== Required work ==
Print the records below word for word, but leave out the pictures.
#### Source data
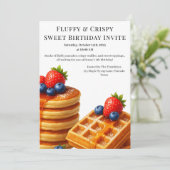 Verjaardagsbrunchfeest | Pannenkoeken & wafels Kaart (Staand voorkant)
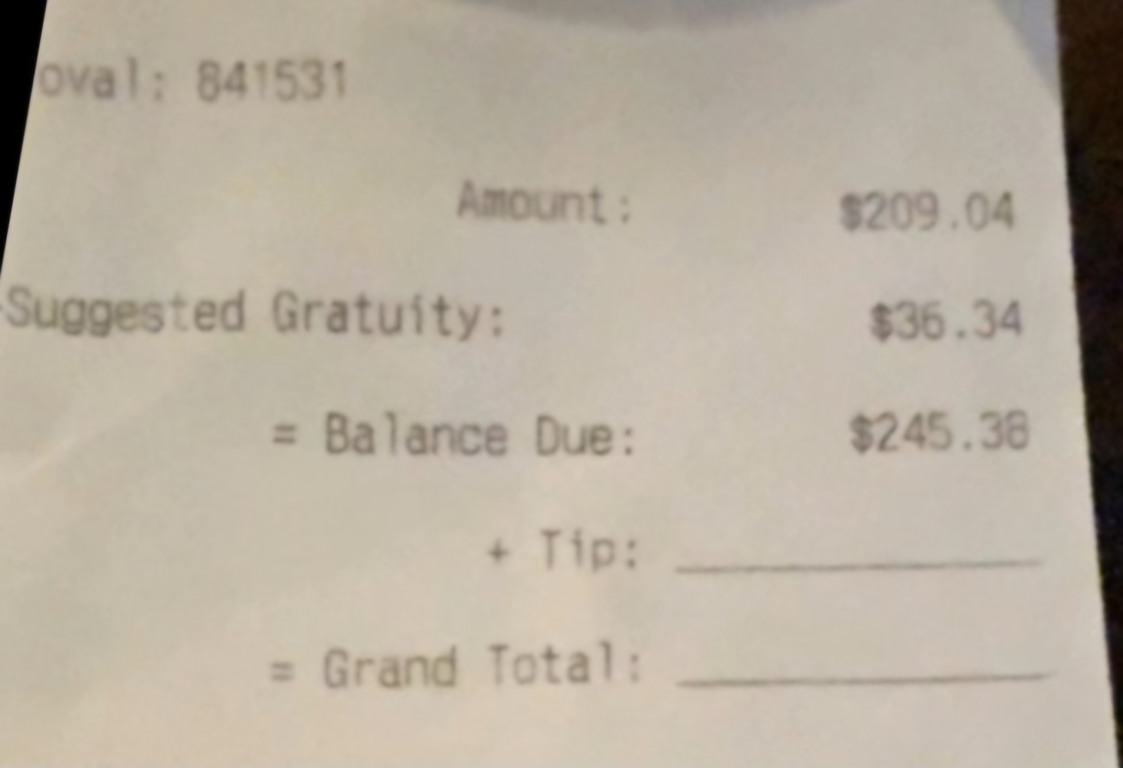Conta de restaurante em Orlando Conta de restaurante em Orlando
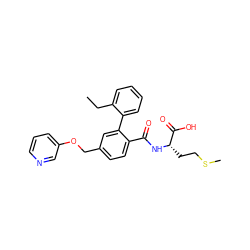 CCc1ccccc1-c1cc(COc2cccnc2)ccc1C(=O)N[C@@H](CCSC)C(=O)O ZINC000027424945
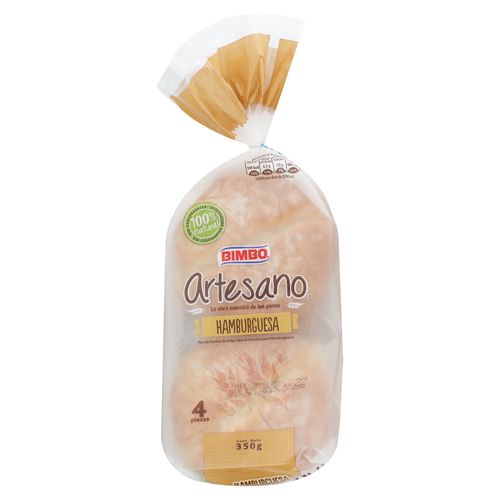 Pan Bimbo Artesano Hamburguesa Big 4 Unidades - 350 g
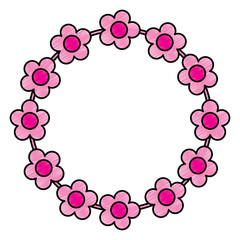 floral wreath flowers decoration ornament vector illustration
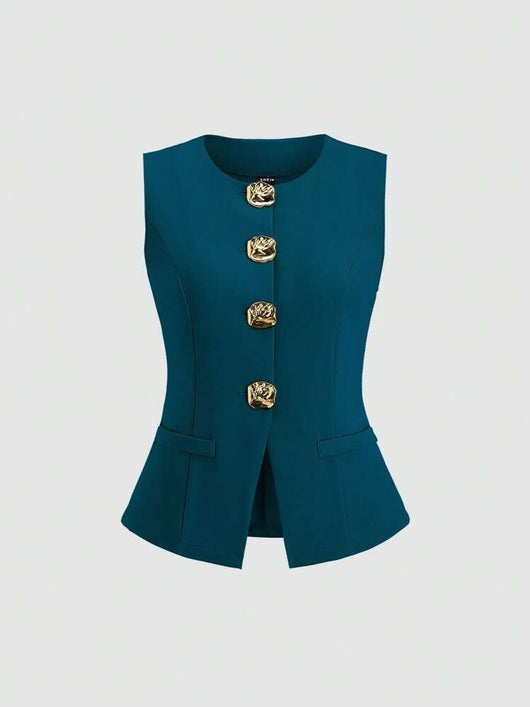 Chaleco Elegante Sin Mangas Cuello Redondo Ajustado a la Cintura - Image 15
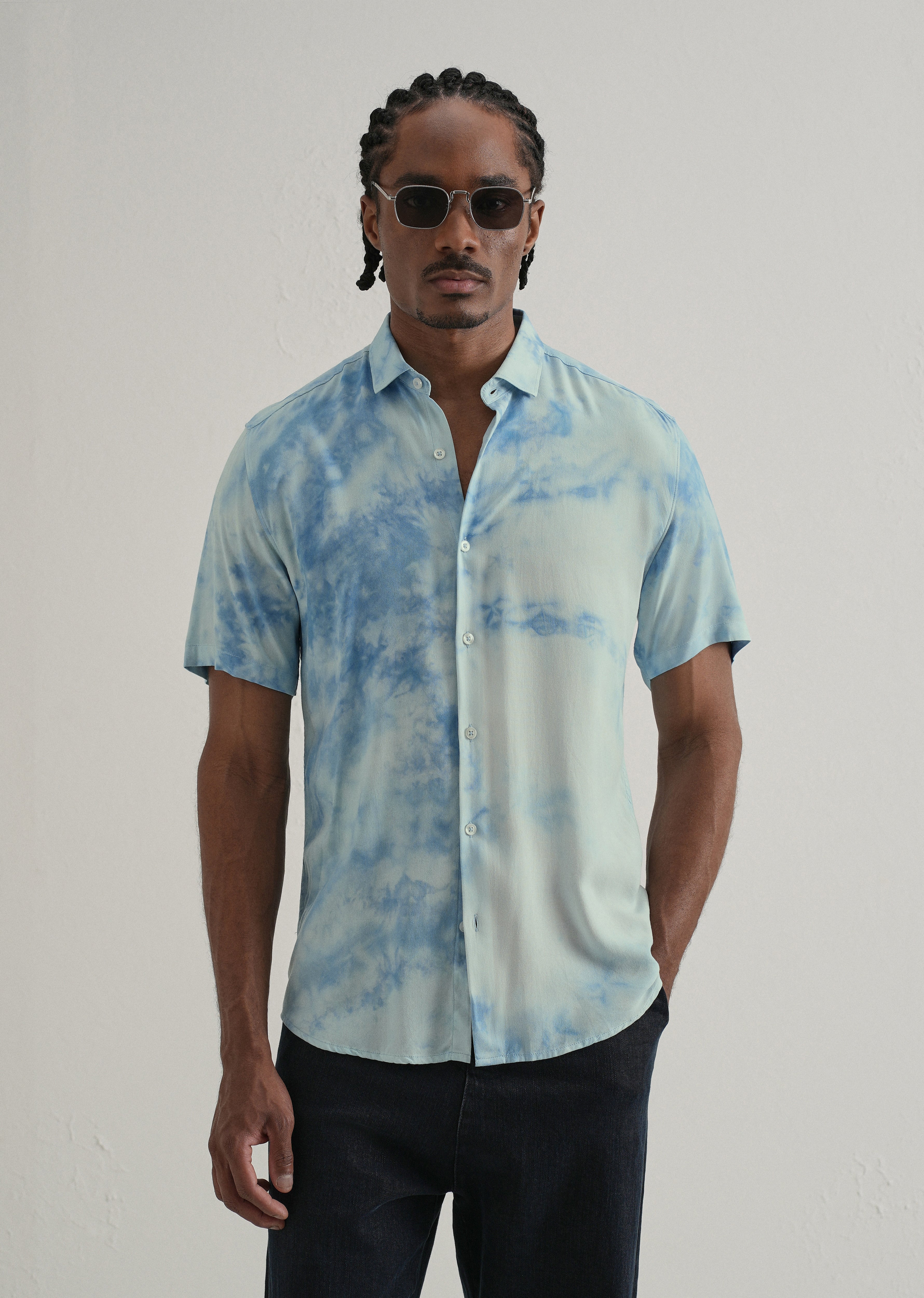 Ocean Tie Dye Half Sleeve Shirt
########
== Completed exercise ==
 Verjaardagsbrunchfeest | Pannenkoeken & wafels Kaart (Staand voorkant)
Conta de restaurante em Orlando Conta de restaurante em Orlando
 CCc1ccccc1-c1cc(COc2cccnc2)ccc1C(=O)N[C@@H](CCSC)C(=O)O ZINC000027424945
 Pan Bimbo Artesano Hamburguesa Big 4 Unidades - 350 g
 floral wreath flowers decoration ornament vector illustration
 Chaleco Elegante Sin Mangas Cuello Redondo Ajustado a la Cintura - Image 15
 Ocean Tie Dye Half Sleeve Shirt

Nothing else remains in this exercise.